Stelia Aerospace (stylized STELIA Aerospace) is an aerospace company headquartered in Toulouse, France. It specializes in designing and manufacture of aerostructures, pilot seats and premium class passenger seats, mainly for the commercial aviation sector.

Stelia Aerospace was created on 1 January 2015 by the merger of two Airbus business units: Aerolia and SOGERMA. The company is a wholly owned subsidiary of Airbus.

== History ==

Stelia Aerospace traces its origins to the merger of two companies, SOGERMA and Aerolia. SOGERMA (Société girondine d’entretien et de réparation de matériel aéronautique) was a French company founded in 1924 amid the early days of aviation.
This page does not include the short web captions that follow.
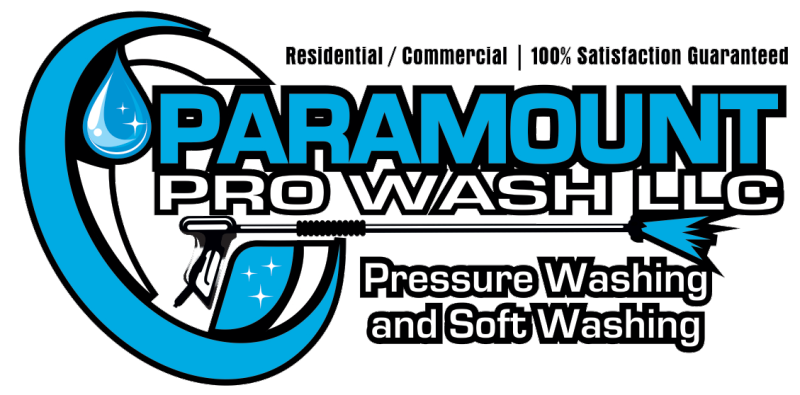 Paramount Pro Wash
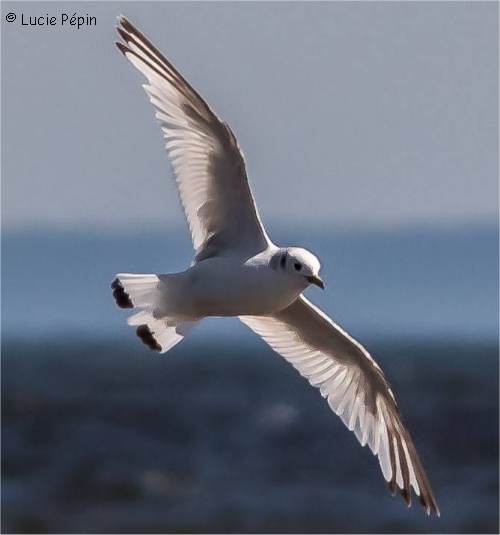 Mouette tridactyle immature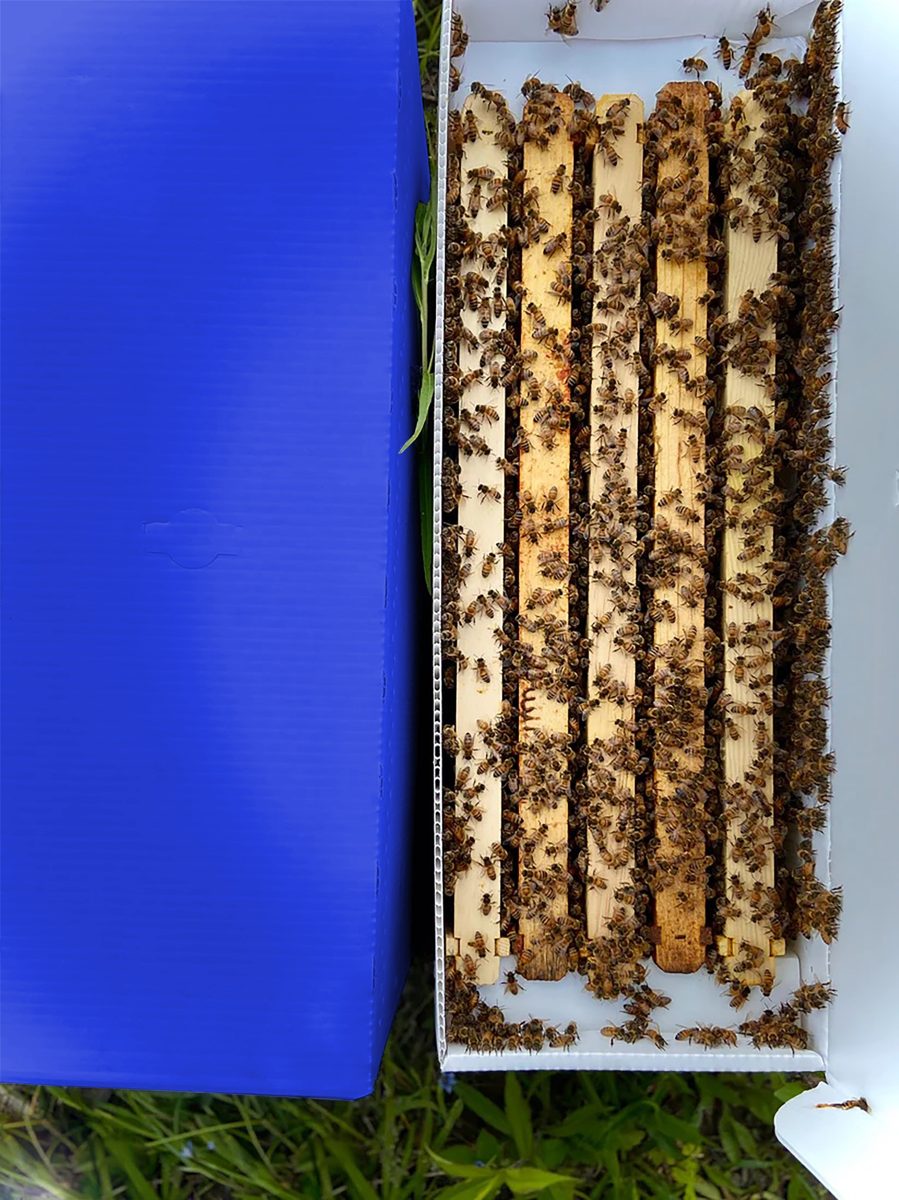 Five frames of honey bees in one of our nuc boxes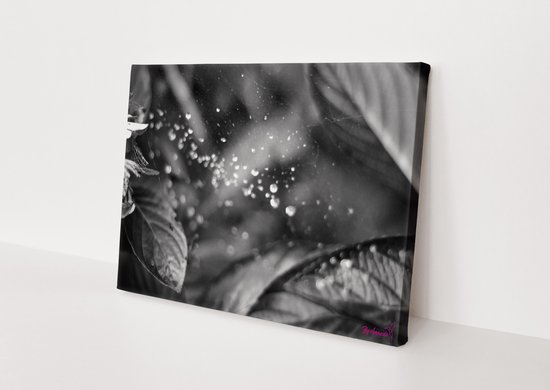 Plant | Druppels | Close-up | Planten | Stichting BY Amanda | Canvasdoek | Wanddecoratie | 150CM x 100CM | Schilderij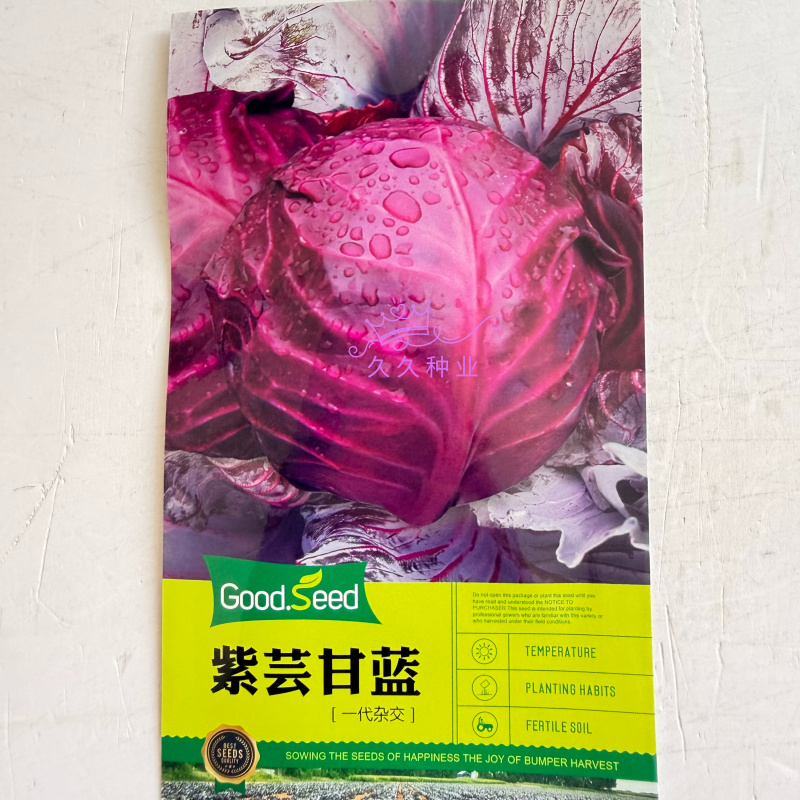 紫芸甘蓝种子紫甘蓝紫色包心菜籽菜用甘蓝种子一代杂交紫包菜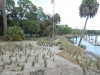 living shoreline_little saint simons island Georgia_landscape architecture_living shoreline_plant positioning of native grasses along living shoreline.jpg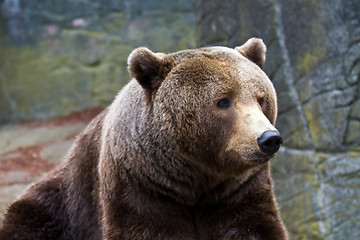 Image showing Brown bear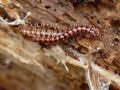 Oxidus sp.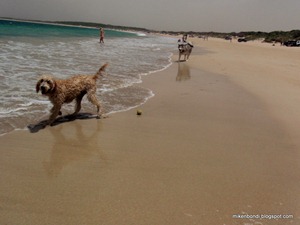 Teddy & Munson at Boat Harbour
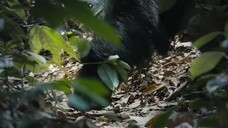 Big Beasts EP 04 [Sub Việt]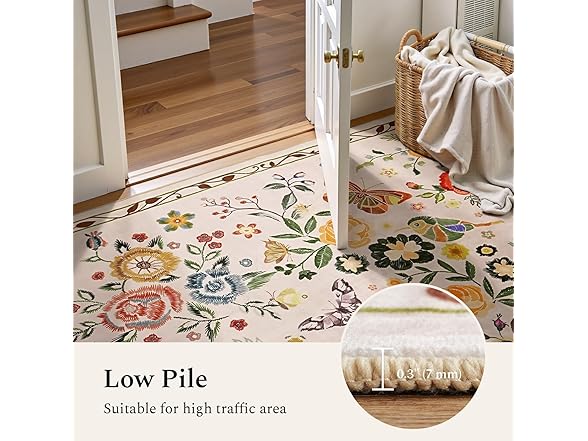 Rugflix 2x6 Runner Rug for Hallway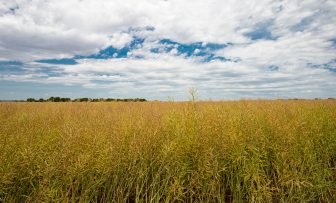 GRDC Grains Research Update, Wudinna SA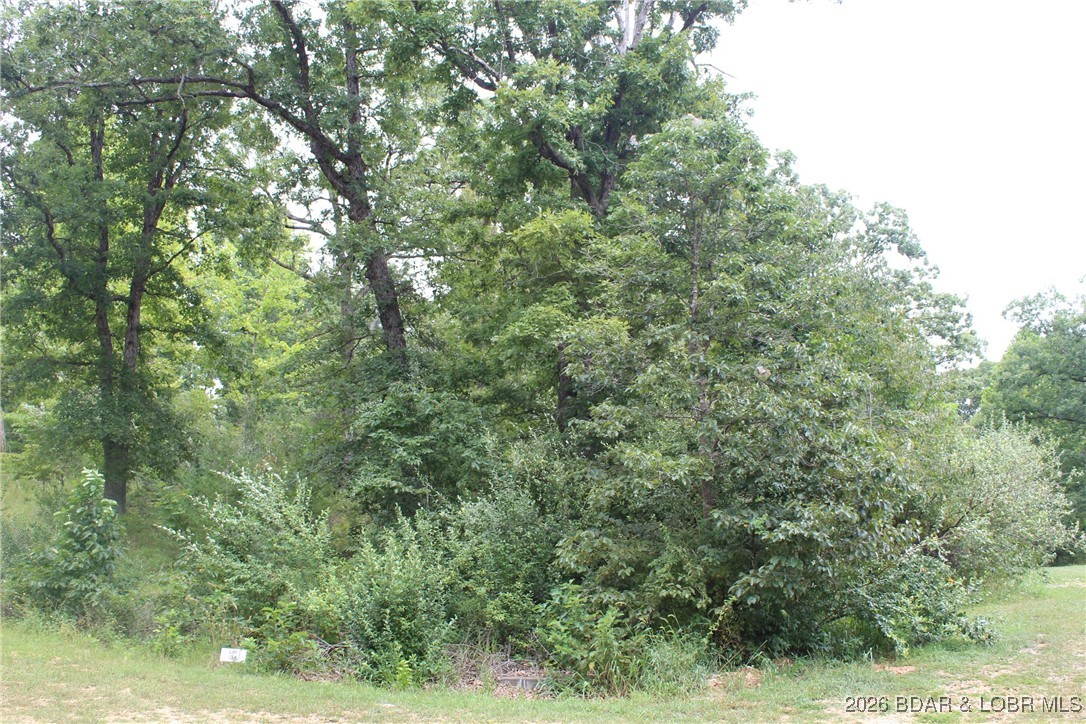 Woodhaven Estates - Land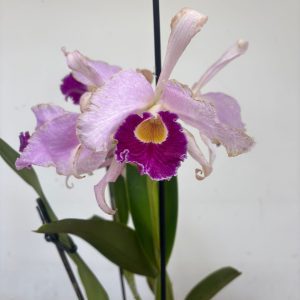 Cattleya Eximia V.19 - Sem Flor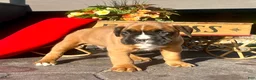 Boxer dogs for sale: Ace❤️🐾Akc Registered❤️Hip Cert🐾❤️Text 717-826-1899  - Ad 9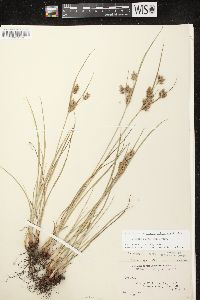 Cyperus schweinitzii image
Prior to its restructuring in 2006, the company largely focused on maintenance, repair and overhaul (MRO), but subsequently directed its resources to its specialist aerostructures and seating activities.

Aerolia SA was founded on 1 January 2009 as a spin-off of Airbus France's aerostructures activities. This involved the Méaulte and Saint-Nazaire industrial plants, along with a design office in Toulouse.

In 2007, EADS' management decided to respond to the weakening US dollar and large investments required for the Airbus A380 and A350 XWB programs by restructuring in order to streamline, divest several non-core activities, and cut costs. Aerospace periodical Flight International compared the move to Boeing's then-recent spin-off of Spirit AeroSystems.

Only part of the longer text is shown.